Warming up to my topic, I concluded with the observation that my visitor had neither the wit, the malice, nor the intelligence to invent a sin so original that it was beyond the mercy of God. Finally, I said, that since he had requested my advice, he would get some at a very fundamental level: Ask for God’s mercy; Do not ever confess this sin again or seek anyone else’s advice; and keep repeating this truth: You are like everyone else, a sinner in need of the help of God. Ask and you shall receive. Period.
My visitor seemed to have taken this blunt talk in good spirit, so I wished him a good time at the game and concluded with the ritual, Go Irish. I would love to report that he was freed of his burden and praised my name as a spiritual genius. Such only happens in lives of the saints. I never did see him again. But some months later, he called me to say that he was still wracked with guilt. He resisted getting professional help, and I guessed that he was still seeking out confessors to assuage his guilt. This all happened many years ago, and I still have his meeting with me in my mind’s eye and still pray for him when the liturgy asks us to recall the departed and those in need of prayer.

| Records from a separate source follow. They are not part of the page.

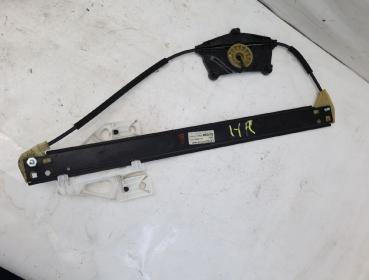 Fensterheber elektrisch hinten rechts 8R0839462D Audi Q5 8R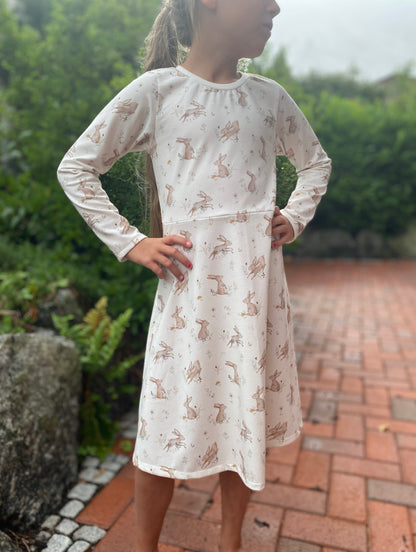 Twirly Dress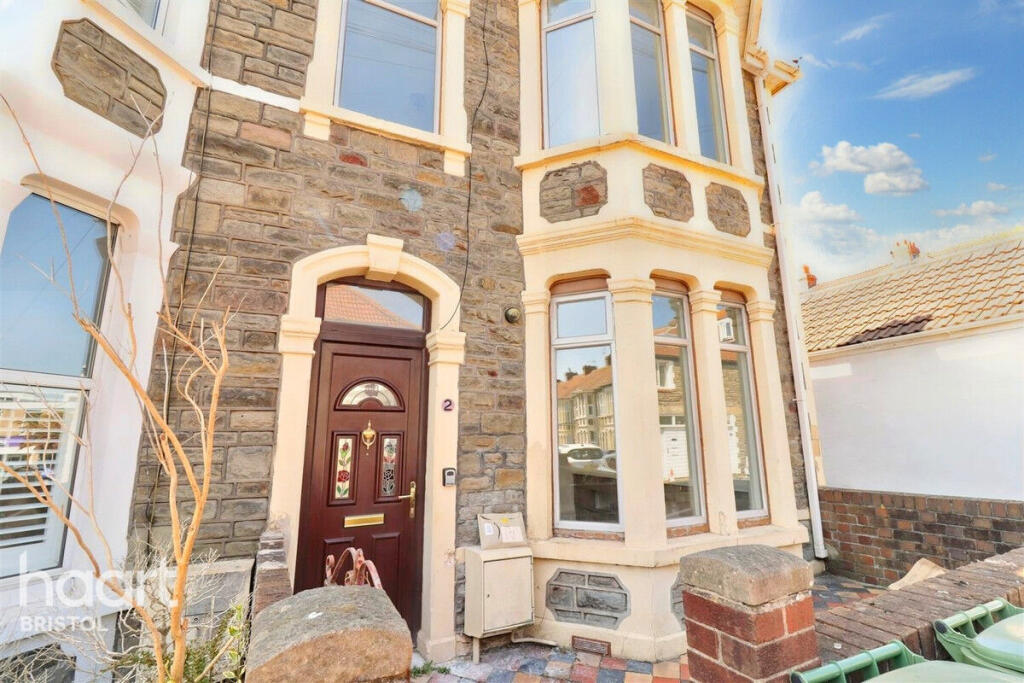 Main image of property: Seymour Road, Bristol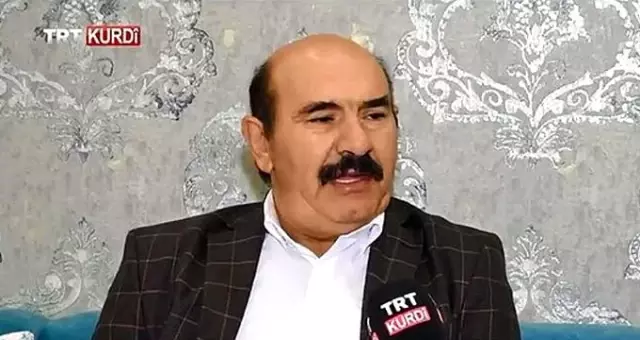 Savcılık, Osman Öcalan'ın TRT Kurdi'ye çıkartılmasıyla ilgili kararını verdi: Haber verme özgürlüğü kapsamında Savcılık, Osman Öcalan'ın TRT Kurdi'ye çıkartılmasıyla ilgili kararını verdi: Haber verme özgürlüğü kapsamında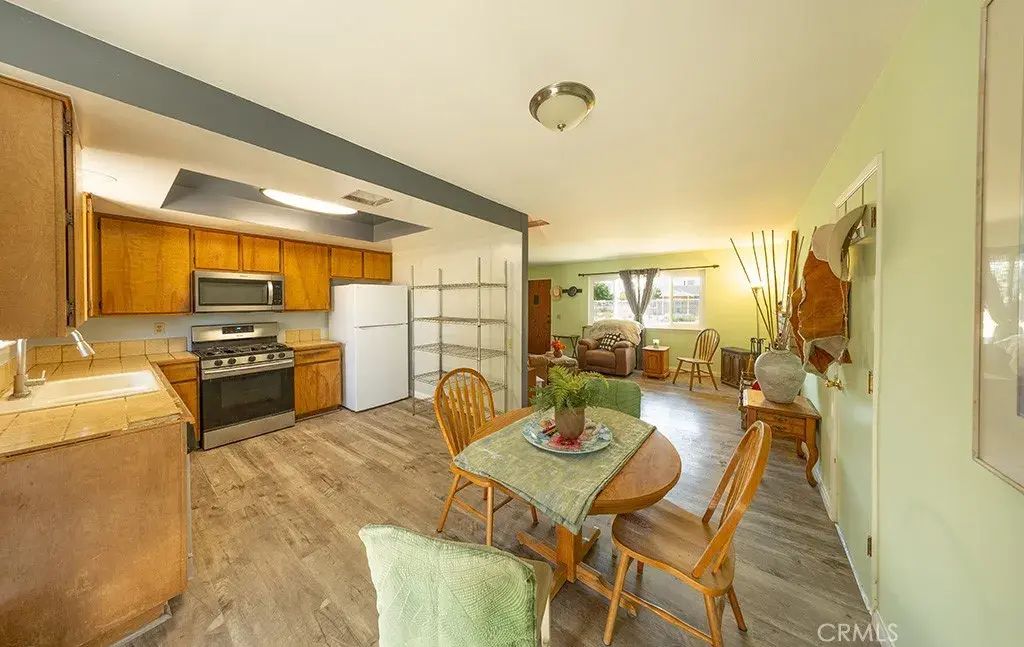 10304 E Avenue S 12 South, Littlerock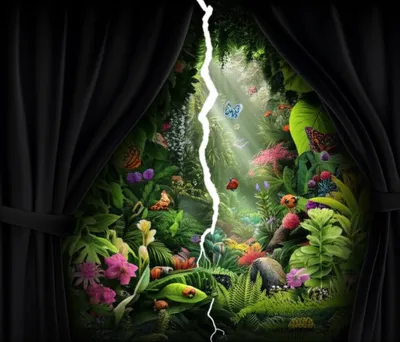 Illustration revelations - Image 1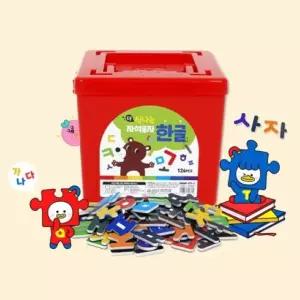 마그피아 더신나는자석글자 한글 aaM8+1XZk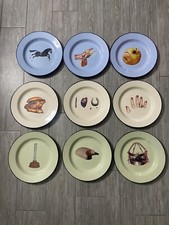 9 Piatti Seletti Toiletpaper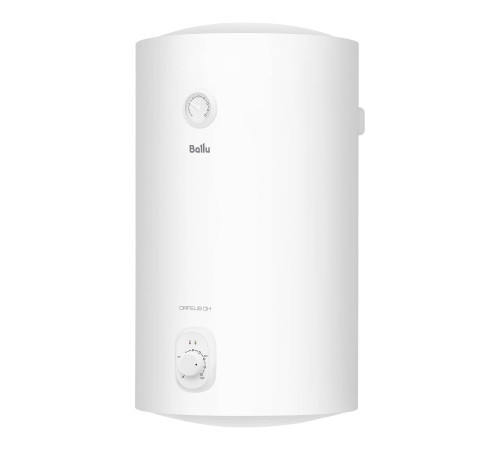 Водонагреватель накопительный Ballu BWH/S 100 Orfeus DH НС-1588105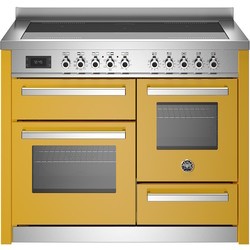 Bertazzoni PRO115I3EGIT желтый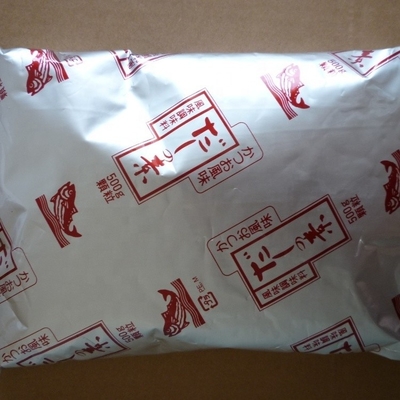 1 kg de sopa seca caliente 500g*2/1Kg Hondashi condimento en Filipinas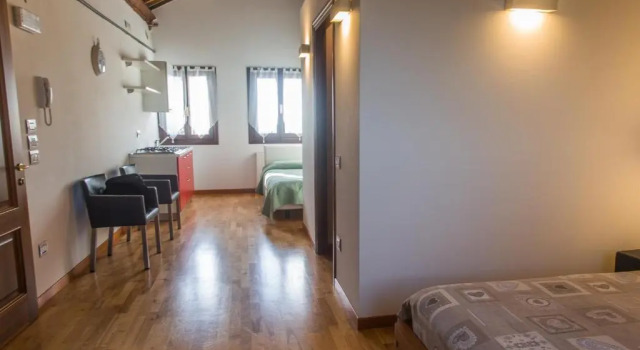 Locanda Da Piero, Prenota Hotel Hotel a Veneto con parcheggio, Parcheggio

It is the case that most of us feel remorse over past failings and such feelings are a good thing. At the same time, it is a truth of faith that our sins are not equal to the willingness of Christ to forgive us. After all, is that not at the very heart of what the Gospel is all about? My song, the psalmist sang, is of mercy. From the time we were children we were taught that the only unforgivable sin was the resolute unwillingness to ask for forgiveness.

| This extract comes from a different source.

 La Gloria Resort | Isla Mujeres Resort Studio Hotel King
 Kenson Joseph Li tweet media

A psychologist once said to me that his most guilt-ridden patients were disproportionately Catholic. To which I responded that in this world it is only Catholics who understand that there is much about which we should feel guilt.
At the same time, there was a tendency in the past to overemphasize sinfulness, guilt and the need for penance. My suspicion is that my visitor, many years ago, got a generous dose of bad theology in his diet, and that he could never quite dispel it.
Some years ago the distinguished Swiss theologian Hans Urs von Balthasar wrote a book, Dare We Hope?, in which he asked this simple question: Is it possible to hope that in the end everyone will be saved? If the answer is no, does it mean that the power of evil was stronger than the salvific grace of Christ? Balthasar simply asked the question. If we are inclined to answer yes, then my visitor is today before the Lord and the things that tortured him for so long and with such ferocity are now forgiven, forgotten. And he, like all the faithful, has eternal light shining upon him.